● **What is needed**:
From the line containing "A4159056300 КЛЕМА ЗА" to the line containing "Renault Trafic Trafic" in the records below, set down every line exactly as it stands, both ends included, and skip the pictures.

● **Entries shown**:
=====

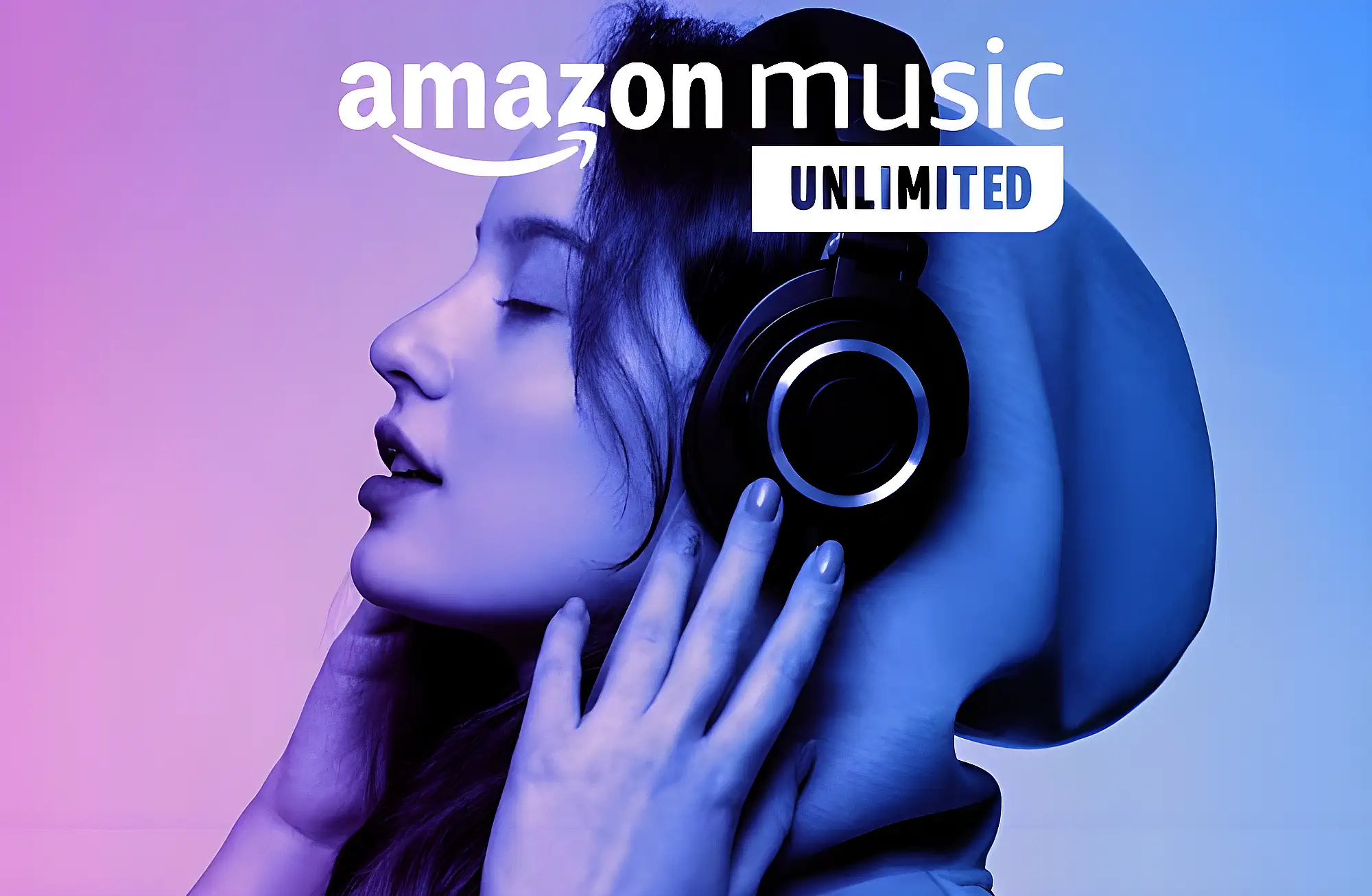 Amazon Music подписка с оплатой из России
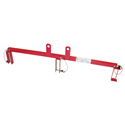 Super Anchor Safety 1011 - Safety Bar for 2x6 Trusses
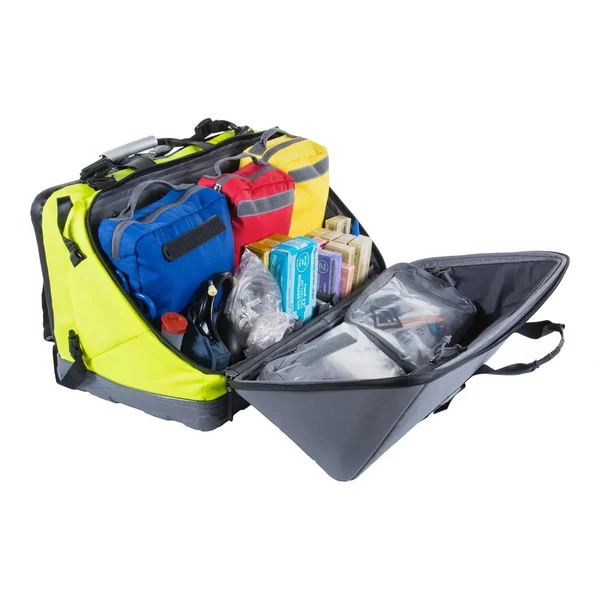 First Tactical Large Jump Bag - Image 8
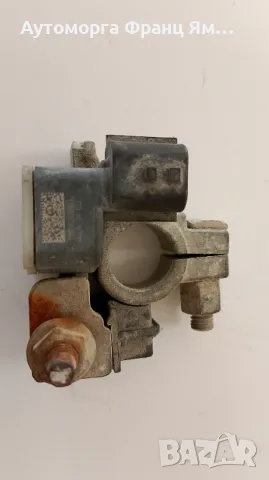 A4159056300 КЛЕМА ЗА АКУМУЛАТОР ЗА MERCEDES CITAN RENAULT KANGOO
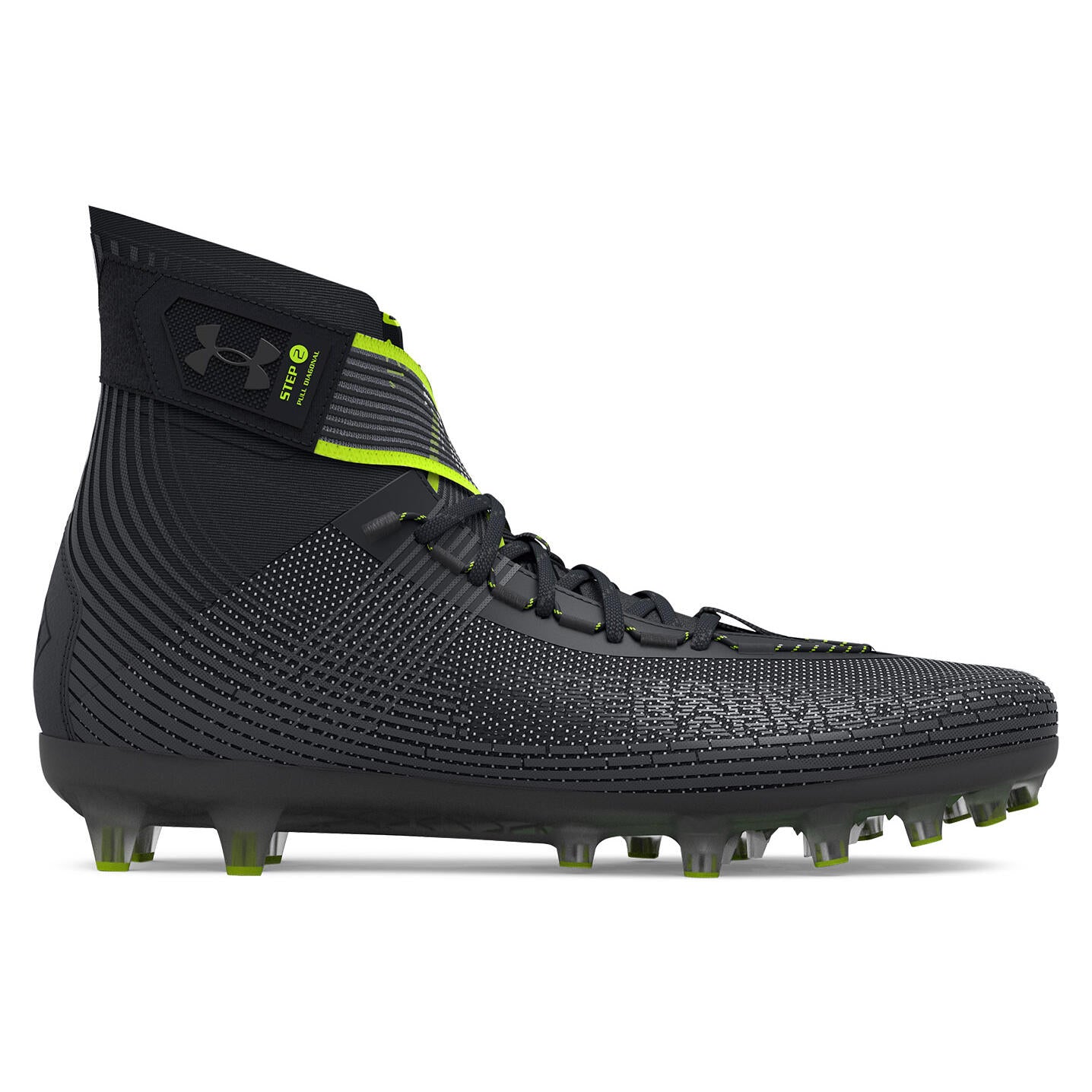 Under Armour UA Spotlight Lux MC 2.0 Men's Football Cleats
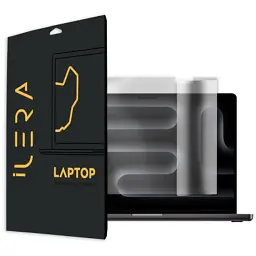 Защитная пленка iLera for MacBook Pro 14 (ILMBPR14)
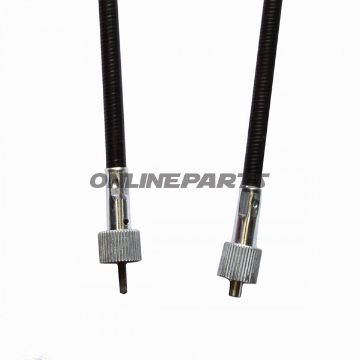 Speedometer Cable.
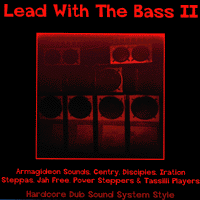 Lead With The Bass II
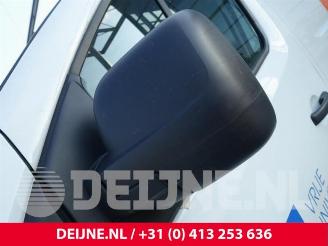 Renault Trafic Trafic (1FL/2FL/3FL/4FL), Van, 2014 1.6 dCi 115 picture 16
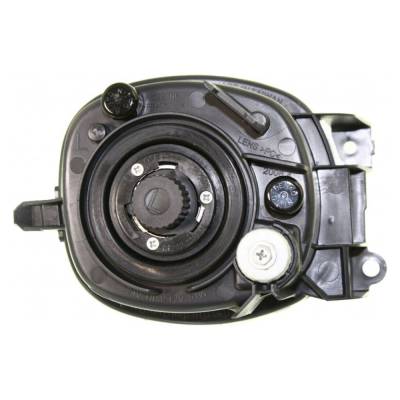 Rareelectrical - New Left Fog Lights Compatible With Lexus Es350 Base Sedan - Image 2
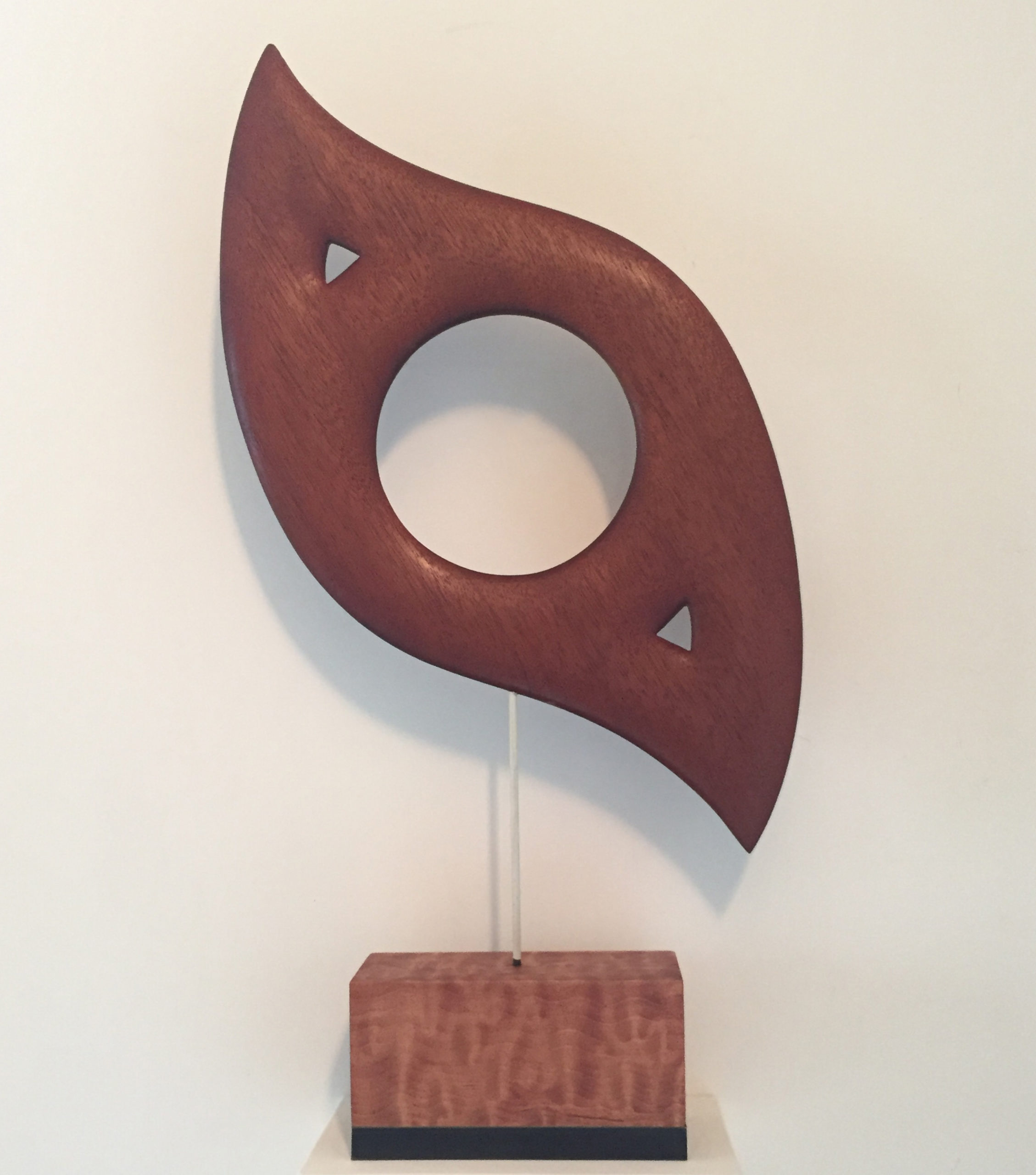 Tom Braun: Meditations
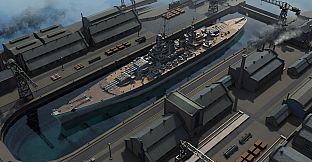 Ultimate Admiral: Dreadnoughts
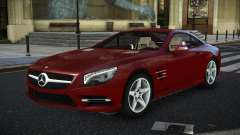 Mercedes-Benz SL500 13th para GTA 4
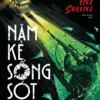 NĂM KẺ SỐNG SÓT - Holly Jackson - Cẩm Nhiên dịch - AZ Books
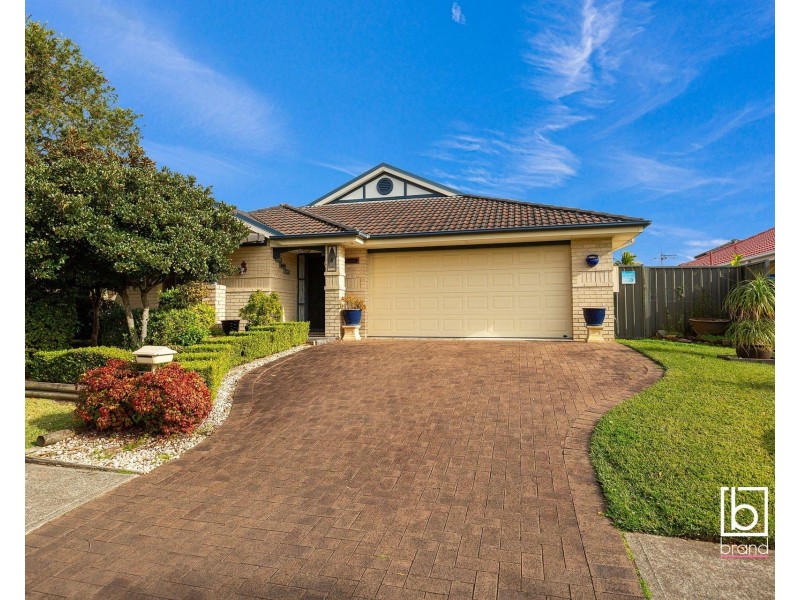 4 Myrtle Terrace, Hamlyn Terrace NSW 2259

=====

● **Written reply**:
 A4159056300 КЛЕМА ЗА АКУМУЛАТОР ЗА MERCEDES CITAN RENAULT KANGOO
 Under Armour UA Spotlight Lux MC 2.0 Men's Football Cleats
 Защитная пленка iLera for MacBook Pro 14 (ILMBPR14)
 Speedometer Cable.
 Lead With The Bass II
 Renault Trafic Trafic (1FL/2FL/3FL/4FL), Van, 2014 1.6 dCi 115 picture 16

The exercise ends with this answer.